▸ **Task description**
Beginning at the top of the listing, repeat each line exactly until the line with "You can use" has been repeated too.

▸ **Data shown**

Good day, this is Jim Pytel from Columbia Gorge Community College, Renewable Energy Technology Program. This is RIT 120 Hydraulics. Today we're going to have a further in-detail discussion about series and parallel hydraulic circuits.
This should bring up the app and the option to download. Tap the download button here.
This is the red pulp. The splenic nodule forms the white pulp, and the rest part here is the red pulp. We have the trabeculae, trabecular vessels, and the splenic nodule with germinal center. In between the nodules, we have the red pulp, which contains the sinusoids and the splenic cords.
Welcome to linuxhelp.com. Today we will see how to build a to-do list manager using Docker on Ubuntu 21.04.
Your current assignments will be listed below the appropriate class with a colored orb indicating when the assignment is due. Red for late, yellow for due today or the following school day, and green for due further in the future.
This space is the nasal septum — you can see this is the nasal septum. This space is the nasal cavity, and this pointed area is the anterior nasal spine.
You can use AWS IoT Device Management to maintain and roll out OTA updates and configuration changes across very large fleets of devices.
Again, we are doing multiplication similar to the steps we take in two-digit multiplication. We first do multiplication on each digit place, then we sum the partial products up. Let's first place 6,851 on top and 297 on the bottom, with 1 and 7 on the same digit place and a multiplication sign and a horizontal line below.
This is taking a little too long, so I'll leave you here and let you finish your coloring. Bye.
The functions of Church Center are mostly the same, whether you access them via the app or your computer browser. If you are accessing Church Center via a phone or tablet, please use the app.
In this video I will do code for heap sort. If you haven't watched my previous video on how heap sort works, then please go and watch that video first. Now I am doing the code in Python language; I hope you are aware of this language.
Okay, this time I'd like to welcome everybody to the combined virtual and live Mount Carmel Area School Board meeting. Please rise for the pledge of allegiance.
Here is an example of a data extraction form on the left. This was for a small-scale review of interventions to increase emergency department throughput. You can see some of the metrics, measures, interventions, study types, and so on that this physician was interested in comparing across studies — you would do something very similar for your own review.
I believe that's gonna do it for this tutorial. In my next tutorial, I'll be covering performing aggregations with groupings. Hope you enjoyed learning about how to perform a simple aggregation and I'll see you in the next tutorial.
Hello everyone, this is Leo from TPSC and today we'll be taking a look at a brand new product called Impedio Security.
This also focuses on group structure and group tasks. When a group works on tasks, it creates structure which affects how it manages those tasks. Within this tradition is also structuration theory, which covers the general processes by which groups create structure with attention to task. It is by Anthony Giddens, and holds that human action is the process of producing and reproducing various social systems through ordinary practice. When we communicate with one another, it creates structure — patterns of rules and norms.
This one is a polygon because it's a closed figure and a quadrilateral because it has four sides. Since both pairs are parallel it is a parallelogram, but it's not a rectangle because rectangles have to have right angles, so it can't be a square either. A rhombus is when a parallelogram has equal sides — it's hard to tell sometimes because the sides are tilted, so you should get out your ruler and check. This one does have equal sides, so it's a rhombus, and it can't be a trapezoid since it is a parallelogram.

▸ **Written answer**
Good day, this is Jim Pytel from Columbia Gorge Community College, Renewable Energy Technology Program. This is RIT 120 Hydraulics. Today we're going to have a further in-detail discussion about series and parallel hydraulic circuits.
This should bring up the app and the option to download. Tap the download button here.
This is the red pulp. The splenic nodule forms the white pulp, and the rest part here is the red pulp. We have the trabeculae, trabecular vessels, and the splenic nodule with germinal center. In between the nodules, we have the red pulp, which contains the sinusoids and the splenic cords.
Welcome to linuxhelp.com. Today we will see how to build a to-do list manager using Docker on Ubuntu 21.04.
Your current assignments will be listed below the appropriate class with a colored orb indicating when the assignment is due. Red for late, yellow for due today or the following school day, and green for due further in the future.
This space is the nasal septum — you can see this is the nasal septum. This space is the nasal cavity, and this pointed area is the anterior nasal spine.
You can use AWS IoT Device Management to maintain and roll out OTA updates and configuration changes across very large fleets of devices.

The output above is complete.